__Required action__
Only the lines from the one containing "-过桥缘·过桥米线(大华虎城嘉年华店)" through the end of the listing are to be repeated, exactly and without pictures.

--- START ---

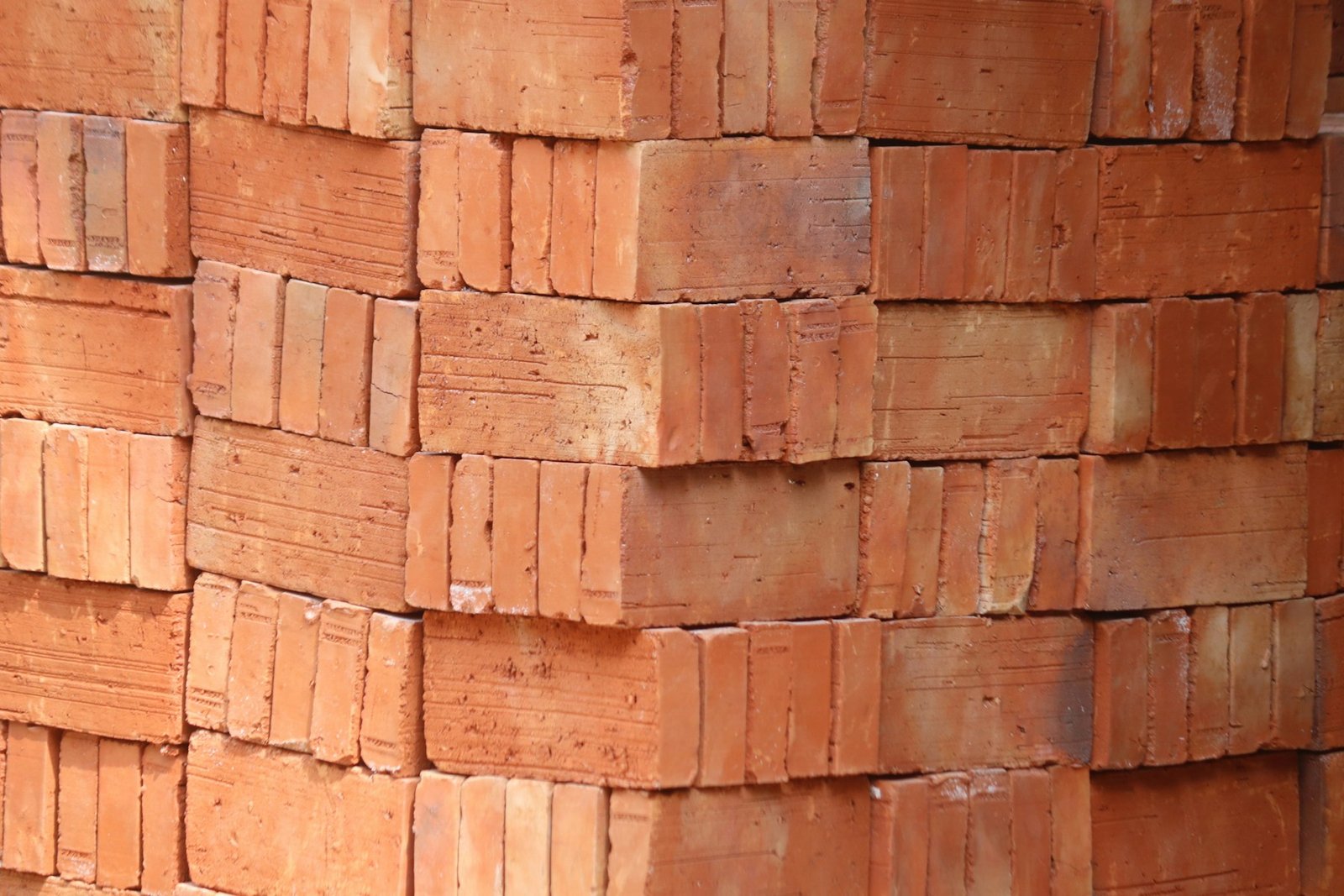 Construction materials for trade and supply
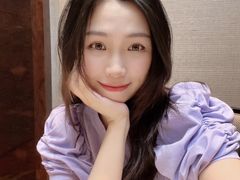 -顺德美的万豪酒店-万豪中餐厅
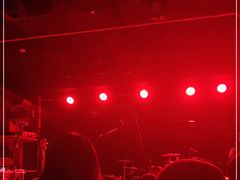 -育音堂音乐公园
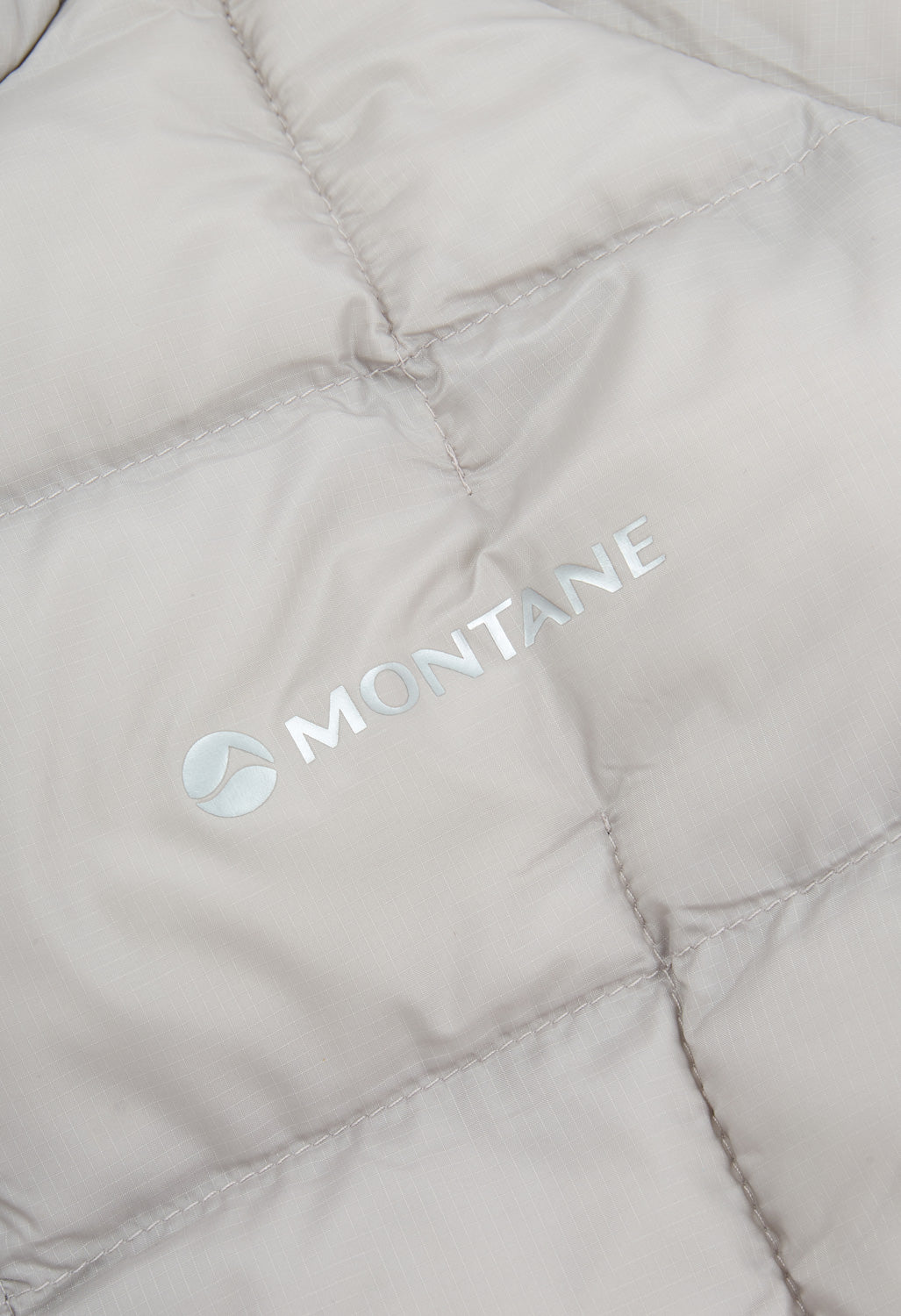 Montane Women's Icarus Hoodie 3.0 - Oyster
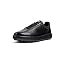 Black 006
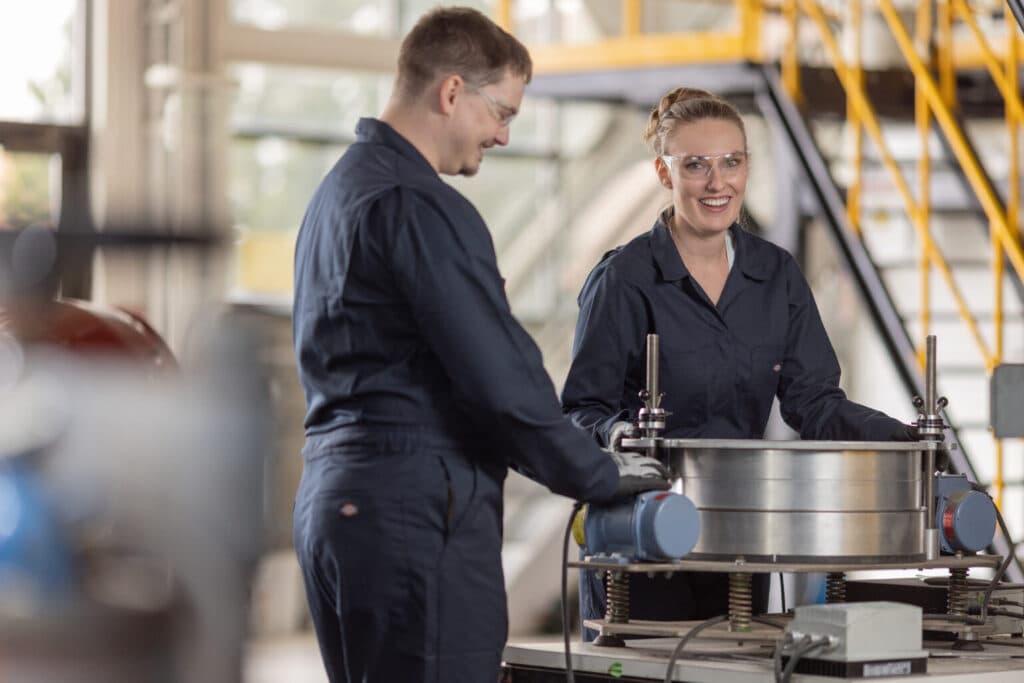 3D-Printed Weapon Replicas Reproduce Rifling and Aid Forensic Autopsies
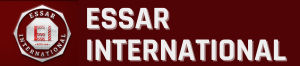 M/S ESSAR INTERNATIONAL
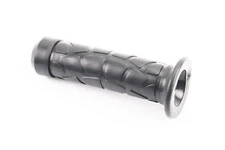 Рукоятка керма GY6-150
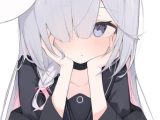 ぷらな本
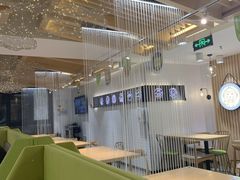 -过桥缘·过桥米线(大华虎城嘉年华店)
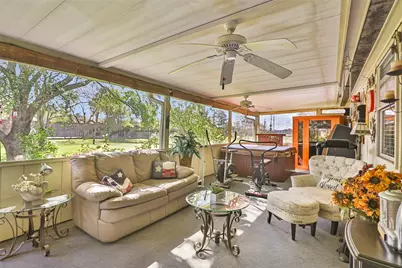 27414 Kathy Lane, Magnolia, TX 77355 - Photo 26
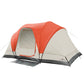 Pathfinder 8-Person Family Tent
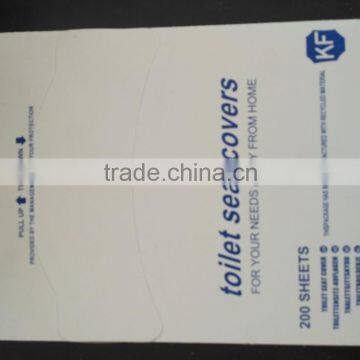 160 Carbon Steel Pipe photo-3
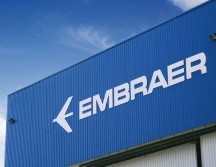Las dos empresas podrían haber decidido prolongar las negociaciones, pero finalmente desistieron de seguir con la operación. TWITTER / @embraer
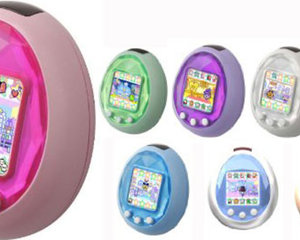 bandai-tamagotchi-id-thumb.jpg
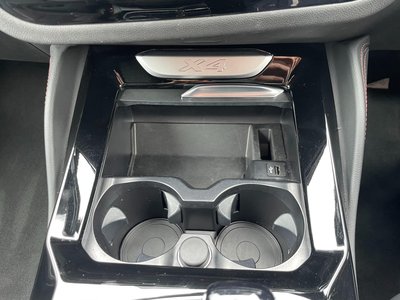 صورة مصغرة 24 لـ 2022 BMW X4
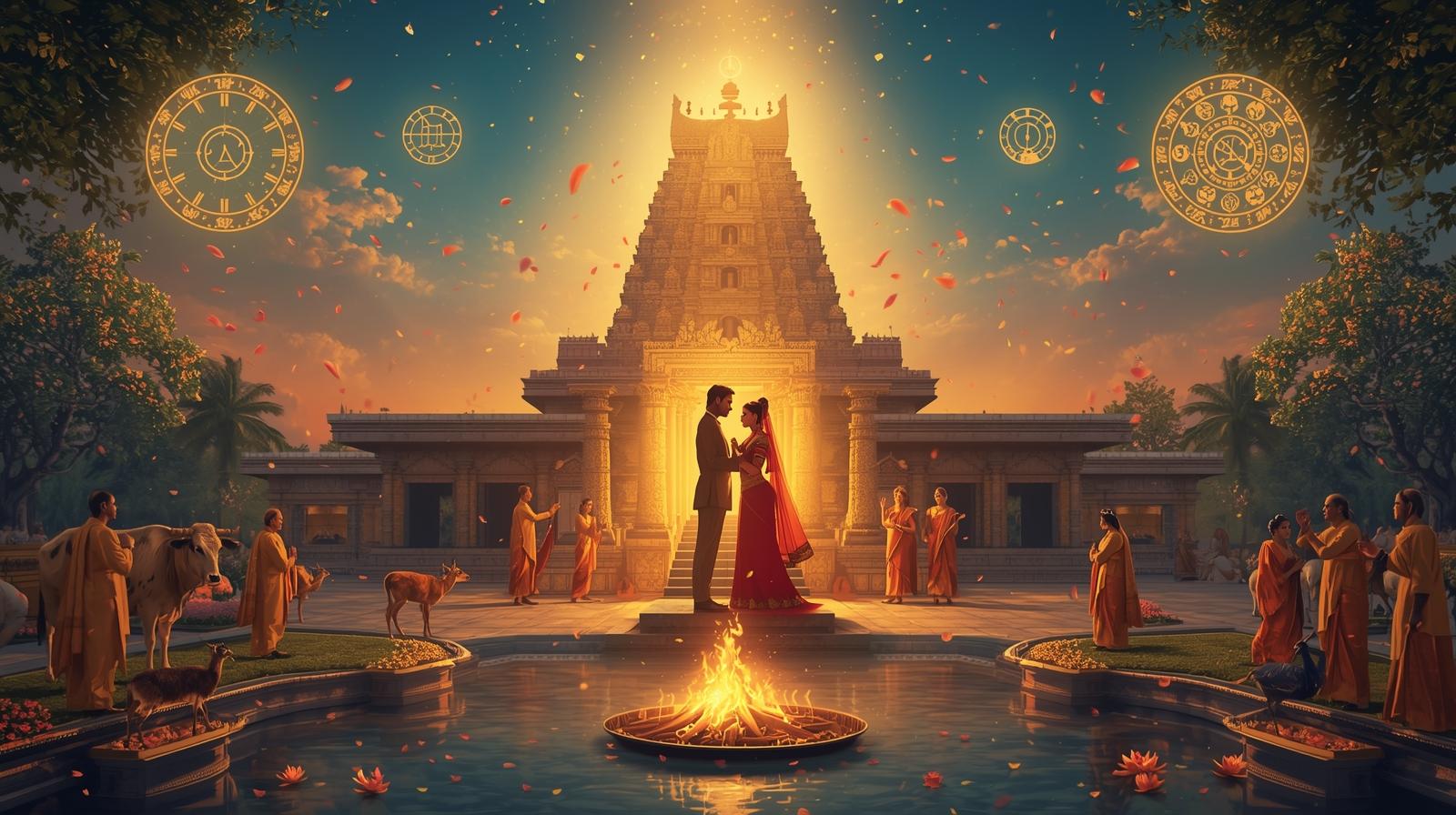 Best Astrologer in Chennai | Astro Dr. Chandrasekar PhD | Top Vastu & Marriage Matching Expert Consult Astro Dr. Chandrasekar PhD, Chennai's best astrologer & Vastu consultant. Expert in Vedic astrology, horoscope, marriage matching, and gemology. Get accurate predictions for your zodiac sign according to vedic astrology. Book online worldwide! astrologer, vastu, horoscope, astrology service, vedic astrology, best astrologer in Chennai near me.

--- END ---

__Answer box__
 -过桥缘·过桥米线(大华虎城嘉年华店)
 27414 Kathy Lane, Magnolia, TX 77355 - Photo 26
 Pathfinder 8-Person Family Tent
 160 Carbon Steel Pipe photo-3
Las dos empresas podrían haber decidido prolongar las negociaciones, pero finalmente desistieron de seguir con la operación. TWITTER / @embraer
 bandai-tamagotchi-id-thumb.jpg
 صورة مصغرة 24 لـ 2022 BMW X4
 Best Astrologer in Chennai | Astro Dr. Chandrasekar PhD | Top Vastu & Marriage Matching Expert Consult Astro Dr. Chandrasekar PhD, Chennai's best astrologer & Vastu consultant. Expert in Vedic astrology, horoscope, marriage matching, and gemology. Get accurate predictions for your zodiac sign according to vedic astrology. Book online worldwide! astrologer, vastu, horoscope, astrology service, vedic astrology, best astrologer in Chennai near me.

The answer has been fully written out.